Work instruction: All entries are to be reproduced exactly; the pictures are to be omitted.

------ Given information

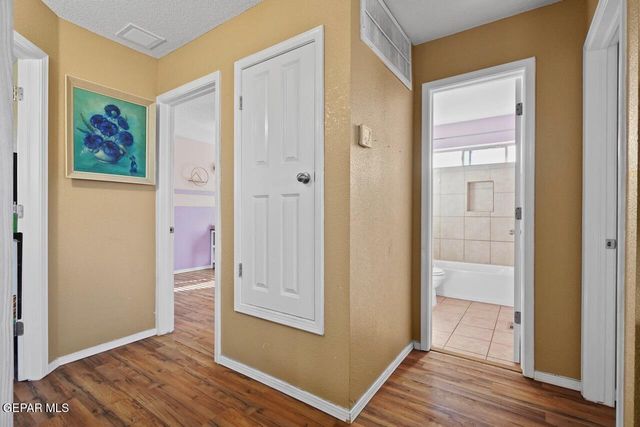 14232 CRAGGY ROCK Avenue, El Paso, TX 79938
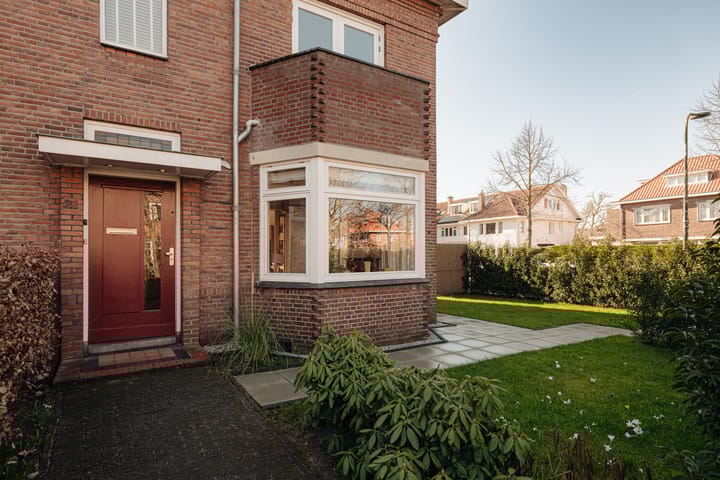 Foto 4 van Narcislaan 21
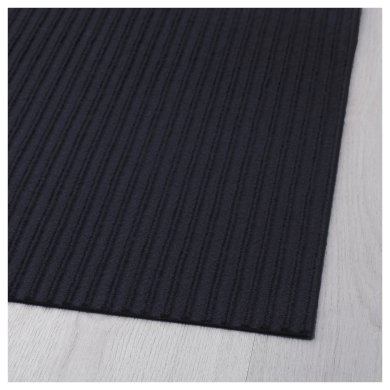 IKEA Придверный коврик KRISTRUP (ИКЕА КРИСТРУП) 90392452 фото - 3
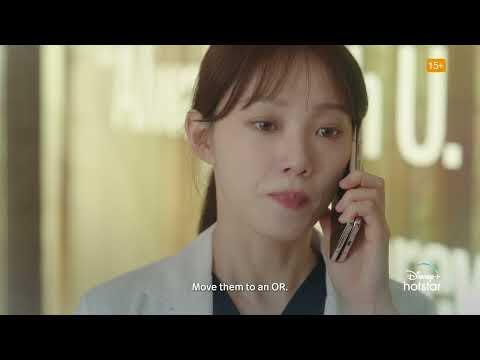 Dr. Romantic 3 | Episode 13 Trailer | Disney+ Hotstar Malaysia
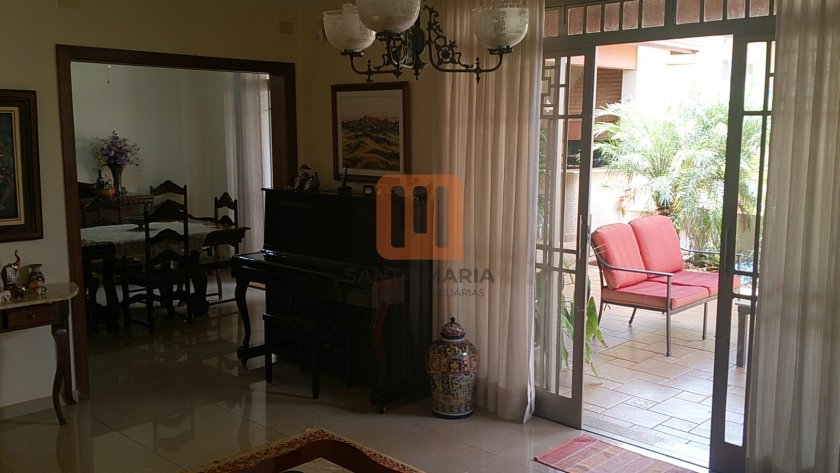 Casa para comprar em Ribeirânia, Ribeirão Preto - Copa (unidade) - foto 4 código 64541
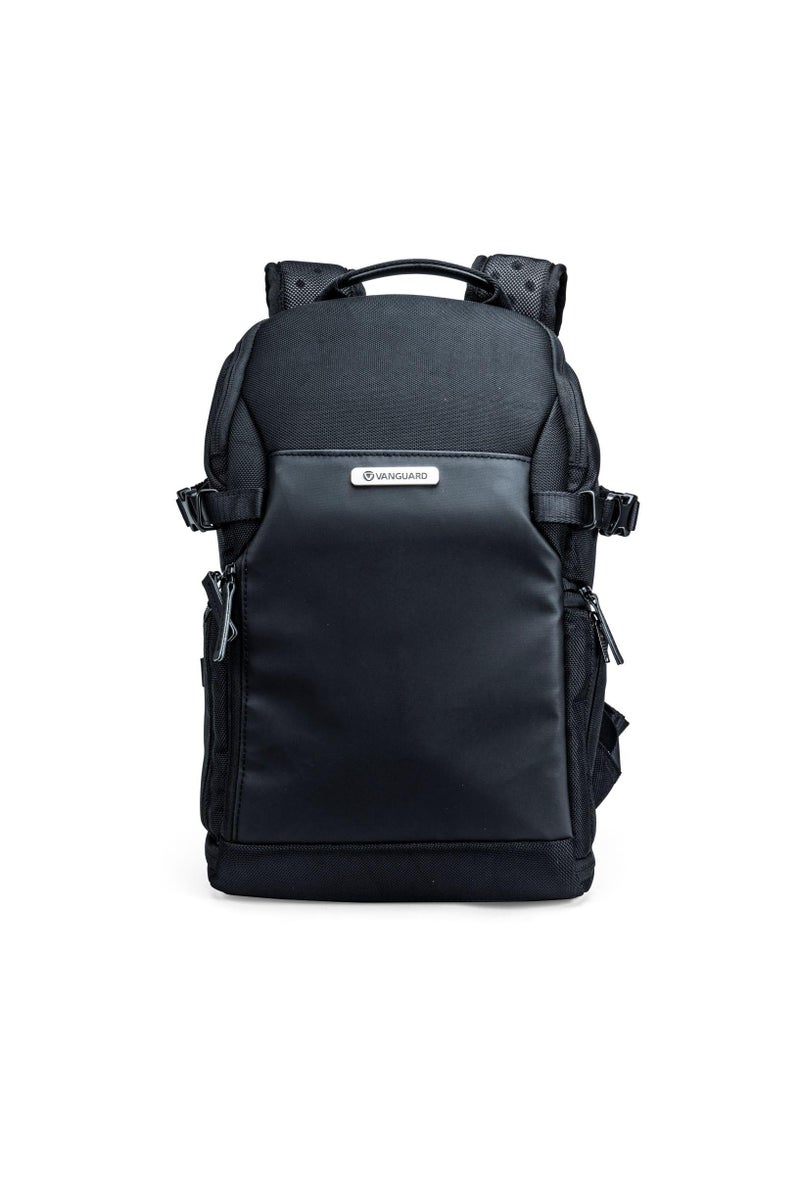 Vanguard VEO Select 37BRM Backpack for Mirrorless/CSC Camera - Black - Image 3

------------

Solution for this task:
 14232 CRAGGY ROCK Avenue, El Paso, TX 79938
 Foto 4 van Narcislaan 21
 IKEA Придверный коврик KRISTRUP (ИКЕА КРИСТРУП) 90392452 фото - 3
 Dr. Romantic 3 | Episode 13 Trailer | Disney+ Hotstar Malaysia
 Casa para comprar em Ribeirânia, Ribeirão Preto - Copa (unidade) - foto 4 código 64541
 Vanguard VEO Select 37BRM Backpack for Mirrorless/CSC Camera - Black - Image 3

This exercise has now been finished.